Outre le fait que ses services n’ont aucune juridiction à agir en dehors du périmètre de leur ambassade, cette question fait diversion sur la réelle inaction des services de sécurité libanais ou encore des simples quidams passant à proximité, voir même de ce cinéaste amateur qui aurait dû intervenir au lieu de jubiler en faisant « ce buzz » sur les réseaux sociaux. Il y a là, le problème de fond puisqu’il y a non assistance à personne en danger.

Cette histoire ne fait que rappeler de bien malheureux récits malheureusement vrais, d’une étudiante française de couleur, tabassée gratuitement en plein jour place Sassine, sans qu’interviennent les forces de sécurité libanaise, il a même fallu l’intervention de l’ambassade de France pour que les gendarmes acceptent de la voir porter plainte, ou encore de la femme de l’ambassadeur britannique, d’origine indienne, qui souhaitait nager dans une piscine d’une station balnéaire et qui en a été éjecté manu-militari. Combien de ses filles « se suicident », certaines parfois volontairement, en raison des conditions déplorables dans lesquelles elles sont placées, d’autres « involontairement », disons voir, poussées d’un balcon par leur employeur.

Peut-on également porter l’opprobre sur la population libanaise en son entier quand les autorités des pays dont elles sont originaires n’agissent souvent pas, trop contents de la manne financière que constitue cette main d’oeuvre, alors que pourtant combien de ses pays ont un ratio PIB/Habitant plus élevé que le Liban même. Ces pays fournissant cette main d’oeuvre peu chère ne s’assurent souvent ni de la fragilité  psychologique de la future employée, souvent livrée à elle-même, tout comme les autorités libanaises ne s’assurent pas de la probité des futurs employeurs avec la constitution d’une liste noire de personnes à éviter. Le mal est là aussi partagé.

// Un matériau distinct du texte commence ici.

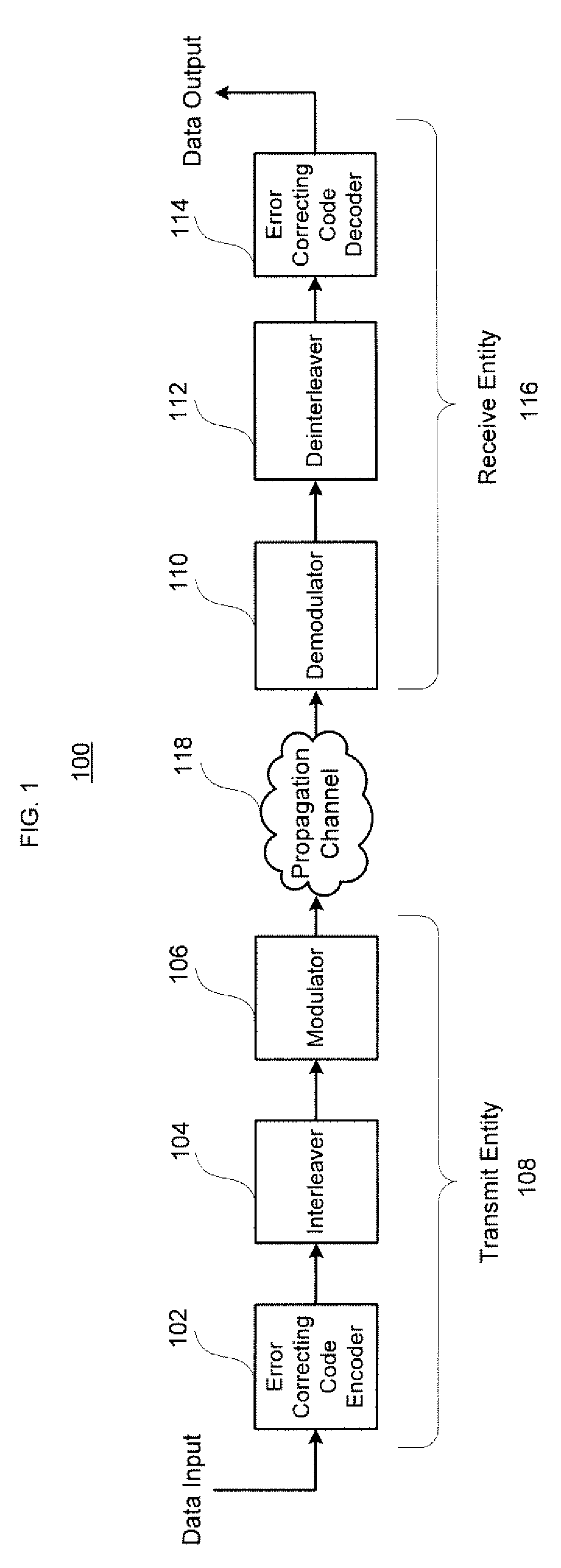 High throughput and low latency map decoder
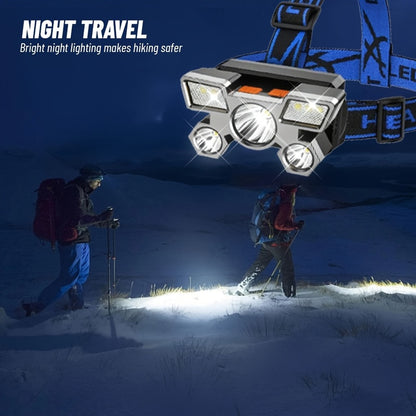 NIGHTBEAM – Rechargeable LED Headlamp 2 Pack
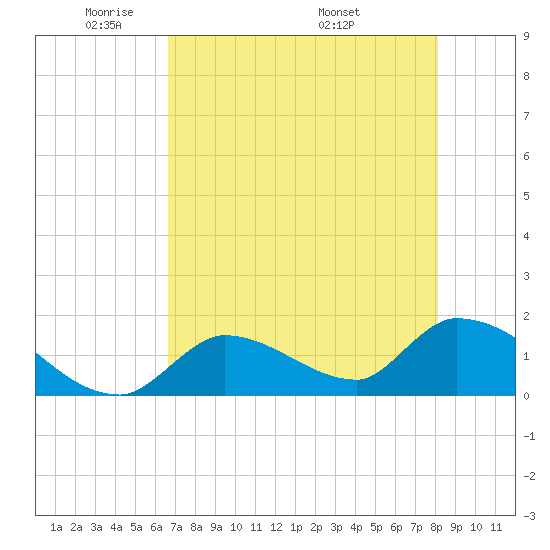 Bow Channel North tide chart for Monday, May 23, 2022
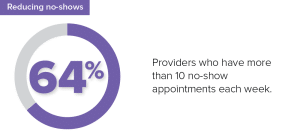 64% providers who have more than 10 no-show appointments each week. 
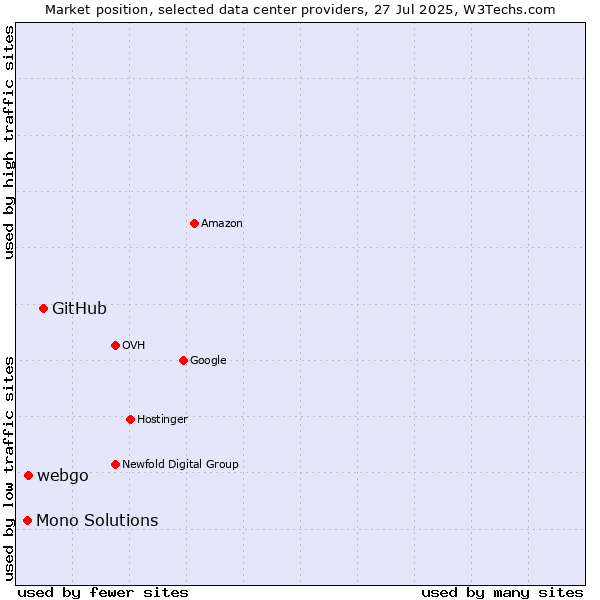 Market position of GitHub vs. webgo vs. Mono Solutions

Certains pays ont cependant interdit à leur ressortissants de venir travailler au Liban, cette décision a fait « les beaux jours » des discussions des salons de beauté et autres lieux publics, ou les dadames racontaient leur désespoir – et souvent également le désespoir de leur mari contraint à entendre les railleries de leur épouse voir à avoir une scène de ménage parce que leur épouses sont obligées faire le ménage justement. Le mal de la société libanaise est de faire appel à une main-oeuvre étrangère dont elle n’a souvent pas les moyens intellectuels – combien de ses petites mains sont d’ailleurs souvent beaucoup plus diplômées que la dadame de la maison -. Imaginez-vous, plus de manucure ou de pédicure mais le ramonage du bidet, cela change des sobhiehs quotidiennes à planter un couteau dans le dos des autres copines. D’autres prétendent encore, à juste titre cela dit, que ses filles avaient de la chance de venir au Liban au lieu d’aller dans certains pays du Golfe. On ne peut que s’interroger malheureusement aujourd’hui sur la réalité de cette chance quand arrive une telle scène.

Plus encore, ce fait malheureusement divers ne fait qu’illustrer le profond sentiment d’un racisme ordinaire de la société libanaise. Comment peut-on en vouloir à ses passants qui ne sont pas intervenus quand les libanais sont racistes déjà envers eux-même par nature avec leurs petites questions, « comment t-appelles tu? » et ‘d’ou viens-tu? », tout cela pour déterminer l’appartenance confessionnelle. Peut-on alors leur en vouloir d’héberger le personnel de maison dans des cagibis souvent, alors qu’eux même sont parqués dans des ghettos communautaires plus ou beaucoup moins luxueux sans s’en rendre compte par eux-même?

L’opprobre n’est donc pas à rejeter sur les employeurs eux-même mais sur la société en entier, en raison d’un manque d’éducation, d’un manque de savoir-vivre, un manque d’intégrité et d’un manque d’Humanité.